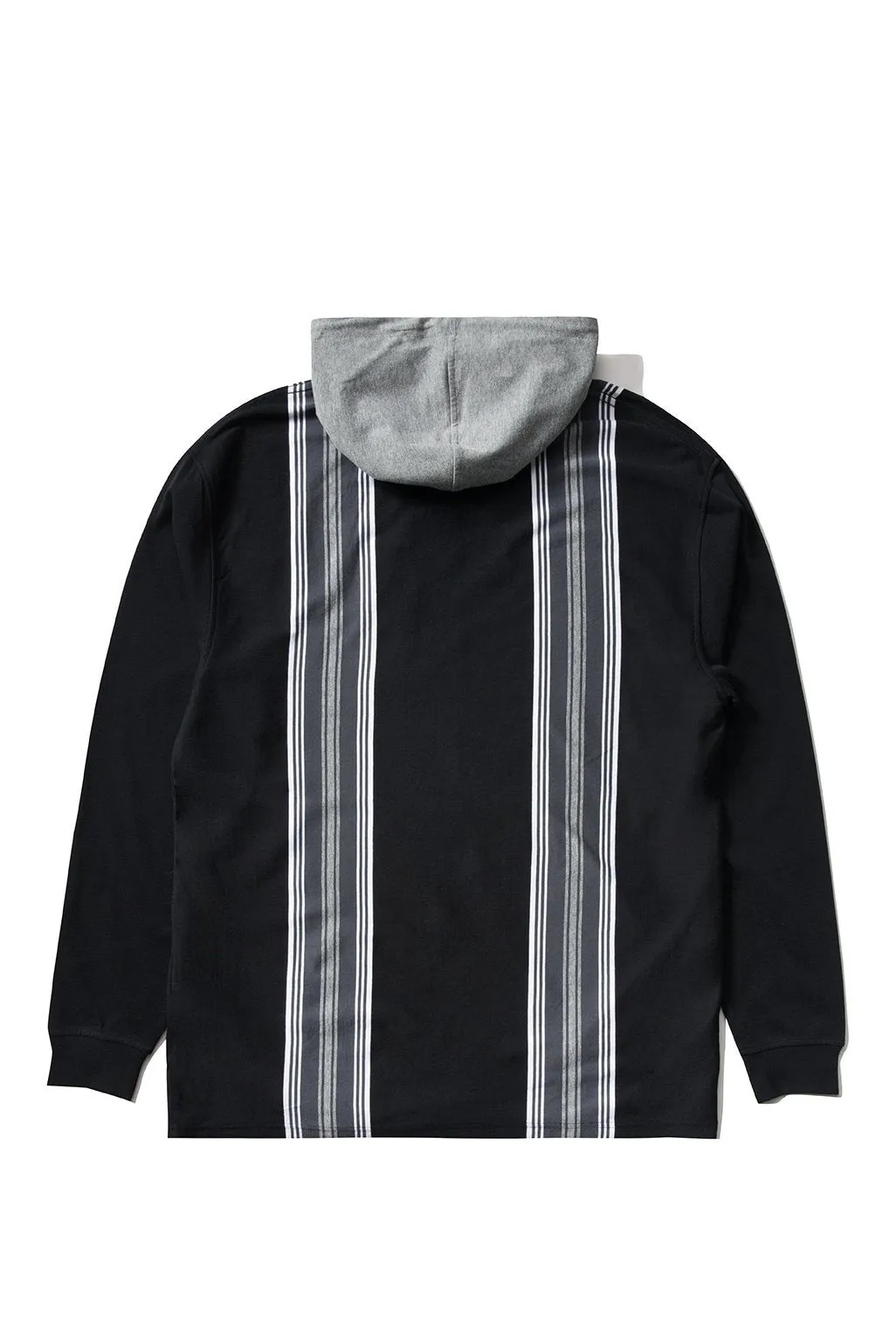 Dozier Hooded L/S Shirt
...
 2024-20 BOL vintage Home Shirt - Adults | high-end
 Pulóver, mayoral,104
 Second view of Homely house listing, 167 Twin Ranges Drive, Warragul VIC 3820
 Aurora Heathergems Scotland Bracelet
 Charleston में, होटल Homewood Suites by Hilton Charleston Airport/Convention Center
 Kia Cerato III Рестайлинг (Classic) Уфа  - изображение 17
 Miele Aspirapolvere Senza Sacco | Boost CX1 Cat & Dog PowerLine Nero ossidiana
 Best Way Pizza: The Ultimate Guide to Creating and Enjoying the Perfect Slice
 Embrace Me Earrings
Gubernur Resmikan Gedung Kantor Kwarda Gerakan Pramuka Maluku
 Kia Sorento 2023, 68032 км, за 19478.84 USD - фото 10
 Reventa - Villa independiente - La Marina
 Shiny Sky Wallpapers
==
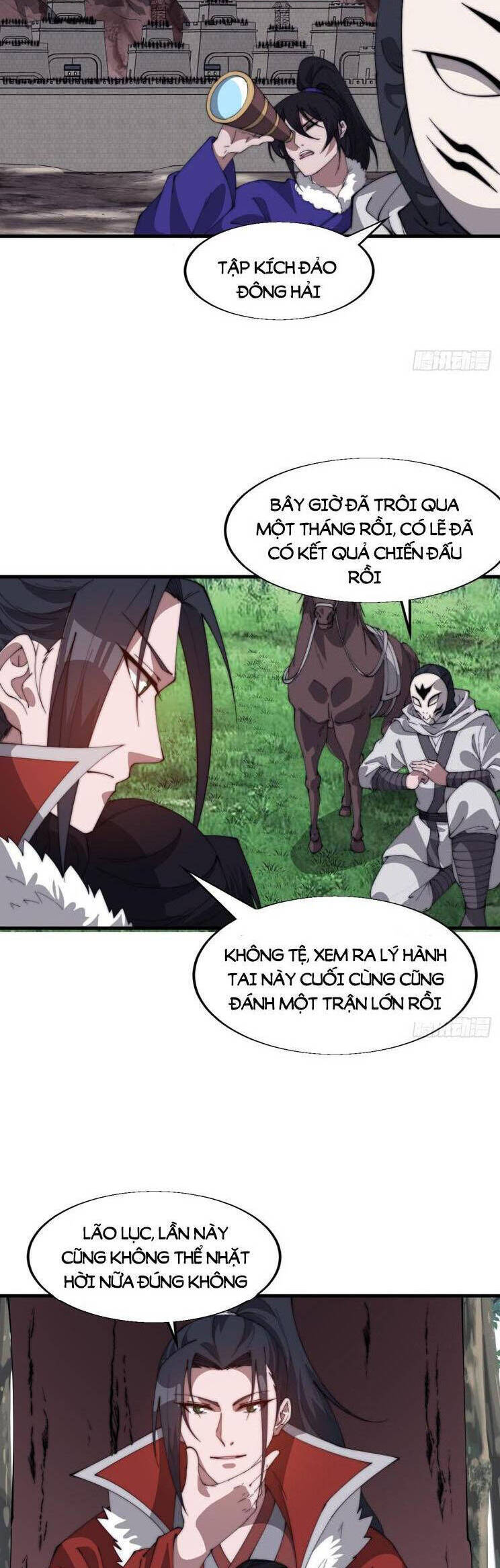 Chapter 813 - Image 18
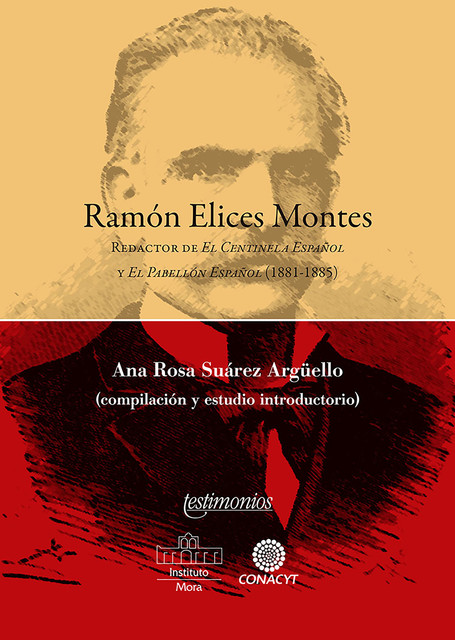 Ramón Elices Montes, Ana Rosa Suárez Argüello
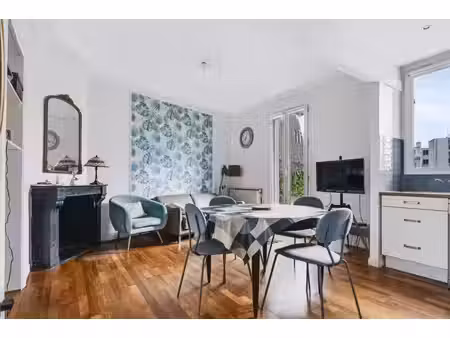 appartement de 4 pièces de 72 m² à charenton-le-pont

About this task: For this exercise, repeat exactly the lines of the data above from the one with "Kia Cerato III" down to the one with "Shiny Sky Wallpapers", both end lines included.

Exercise solution:
 Kia Cerato III Рестайлинг (Classic) Уфа  - изображение 17
 Miele Aspirapolvere Senza Sacco | Boost CX1 Cat & Dog PowerLine Nero ossidiana
 Best Way Pizza: The Ultimate Guide to Creating and Enjoying the Perfect Slice
 Embrace Me Earrings
Gubernur Resmikan Gedung Kantor Kwarda Gerakan Pramuka Maluku
 Kia Sorento 2023, 68032 км, за 19478.84 USD - фото 10
 Reventa - Villa independiente - La Marina
 Shiny Sky Wallpapers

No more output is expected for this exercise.